Hardline Islamist militias in the east — who have steadily increased their numbers and weaponry since the 2011 uprising – faced a challenge from a secular militia led by Gen. Khalifa Heftar, a renegade officer from the Libyan military. In July 2014, a coalition of Islamist militias – including Ansar al Sharia – defeated Gen. Heftar’s forces and declared Benghazi and Islamic caliphate. Gen. Heftar continued to try to contest Benghazi, launching a new offensive in October.
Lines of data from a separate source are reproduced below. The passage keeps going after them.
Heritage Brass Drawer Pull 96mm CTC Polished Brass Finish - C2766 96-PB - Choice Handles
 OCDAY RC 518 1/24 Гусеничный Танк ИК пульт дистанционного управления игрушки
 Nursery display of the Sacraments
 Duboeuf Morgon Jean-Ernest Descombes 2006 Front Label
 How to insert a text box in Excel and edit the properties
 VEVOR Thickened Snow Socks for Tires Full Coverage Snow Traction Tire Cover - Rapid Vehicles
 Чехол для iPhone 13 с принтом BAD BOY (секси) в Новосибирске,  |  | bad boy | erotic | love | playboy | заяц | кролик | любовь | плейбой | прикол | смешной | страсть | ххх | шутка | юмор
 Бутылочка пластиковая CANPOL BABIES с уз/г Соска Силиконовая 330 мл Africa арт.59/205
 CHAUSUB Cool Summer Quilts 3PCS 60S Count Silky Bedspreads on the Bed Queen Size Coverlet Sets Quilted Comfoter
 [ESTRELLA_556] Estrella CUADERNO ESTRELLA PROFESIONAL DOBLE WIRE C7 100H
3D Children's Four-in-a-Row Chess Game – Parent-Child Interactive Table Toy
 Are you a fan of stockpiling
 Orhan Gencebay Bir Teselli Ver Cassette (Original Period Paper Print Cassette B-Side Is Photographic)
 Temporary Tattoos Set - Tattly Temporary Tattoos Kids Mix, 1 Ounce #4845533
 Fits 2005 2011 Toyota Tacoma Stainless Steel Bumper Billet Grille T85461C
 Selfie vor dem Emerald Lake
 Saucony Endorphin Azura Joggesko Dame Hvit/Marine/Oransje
The appearance of Islamic State affiliates further complicated the range of militias in 2014. In Derna, an eastern city with a strong jihadist history since the 1980s, a group of fighters returning from Syria formed the Shura Council of Islamic Youth. In October, the group formally declared allegiance to the Islamic State.

By 2015, Libya’s armed groups had sidelined politicians and driven the country to the brink of civil war.

Chronology 2011

Feb. 15– 16: In Benghazi, a small rally demands the release of a human-rights lawyer and condemns a prison massacre. The civil protest grows into a large anti-Qaddafi demonstration, which police and government forcibly try to quash.

Feb. 17 – 25: Hundreds are killed in protests in several cities.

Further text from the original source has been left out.